Thanks to its unique colonial history, Macau has a somewhat complicated arrangement with China, as although situated on mainland China, it controls its own affairs and governs itself. Its distinct community and unique culture has turned it into the worlds most successful gambling hub, with its booming casino industry which accounts for 80% of its economy and has surpassed Las Vegas as the world leader in gambling revenue.
The Portuguese settled in Macau in the 16th century, and it was handed back to China in 1999. Portuguese is still an official language.
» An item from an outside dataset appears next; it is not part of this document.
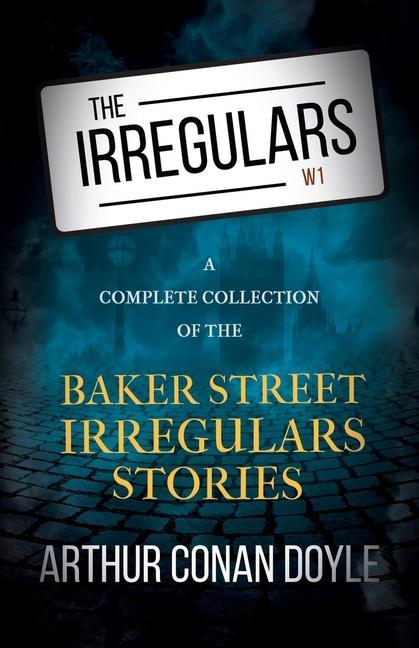 Könyv The Irregulars - A Complete Collection of the Baker Street Irregulars Stories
With the worlds largest population density, something dramatic was needed to make room for the new casinos and the thirty million visitors that visit every year, so a massive land reclamation project was undertaken.
The most southern island Coloane is largely untouched by the casino craziness due to its strict property laws. But it's not all about gambling, there is so much more to the city than casinos. The many historic monuments are a big draw for visitors, and those who want a break from the hustle and bustle of gaming machines and a wonderful example of Chinese and European civilisation. The old heart of the city is small and a walking tour can easily take in the key sites, including the beautiful churches, temples and old city walls. Yet it is impossible not to be amazed at the grandeur of the impressive casinos. The Venetian Resort , the massive open Venetian Macau has the largest casino floor in the world, and the City of Dreams Sands Hotel and Galaxy Macau resort are all on the strip, along with the Wynn Palace which opened in 2016.
Baccarat is the game of choice. By far the most popular game, Baccarat is relatively simple with a low house advantage (less than 1%). Baccarat tables dominate the cities thirty three casinos.
Though there are plenty of slot machines, they offer a high house advantage and so are not as popular. This is the reverse of Las Vegas where gamblers favour slots. Revenue from Macau gambling is $33 billion, more than five times that of the strip.
Today there are six casino operators, SJM holdings, Stanley HO (once the former kingpin until the government ended the monopoly system in 2002), Wynn Macau, Sands China Galaxy Entertainment Group, MGM China Holdings and Melco Crown Entertainment.
For those who come to Macau, there is a wealth of historical culture, entertainment and of course gambling.